▶ _RECORDS FOR THE EXERCISE_
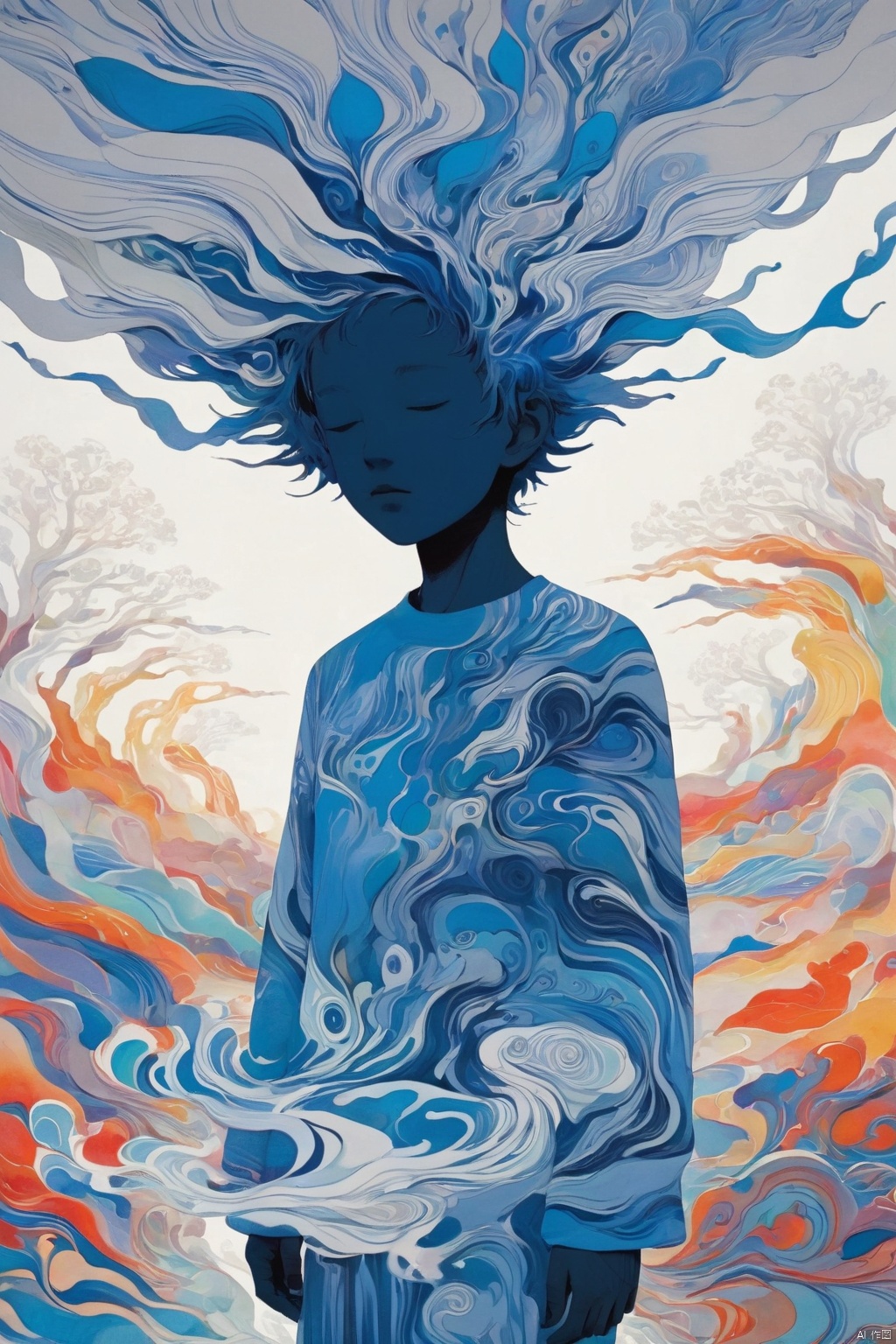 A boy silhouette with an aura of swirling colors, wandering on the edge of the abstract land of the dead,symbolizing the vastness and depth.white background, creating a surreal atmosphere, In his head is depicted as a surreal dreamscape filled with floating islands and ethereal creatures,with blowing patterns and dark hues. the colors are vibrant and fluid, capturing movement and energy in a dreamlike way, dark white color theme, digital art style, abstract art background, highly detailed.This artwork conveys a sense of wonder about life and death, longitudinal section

* * *

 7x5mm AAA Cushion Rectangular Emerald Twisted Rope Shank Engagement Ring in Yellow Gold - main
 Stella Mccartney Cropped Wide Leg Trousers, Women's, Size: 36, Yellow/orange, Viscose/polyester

▶ _PROMPT_
Whichever lines of the records above hold the word "Yellow" should all be copied out.

▶ _EXERCISE OUTPUT_
 7x5mm AAA Cushion Rectangular Emerald Twisted Rope Shank Engagement Ring in Yellow Gold - main
 Stella Mccartney Cropped Wide Leg Trousers, Women's, Size: 36, Yellow/orange, Viscose/polyester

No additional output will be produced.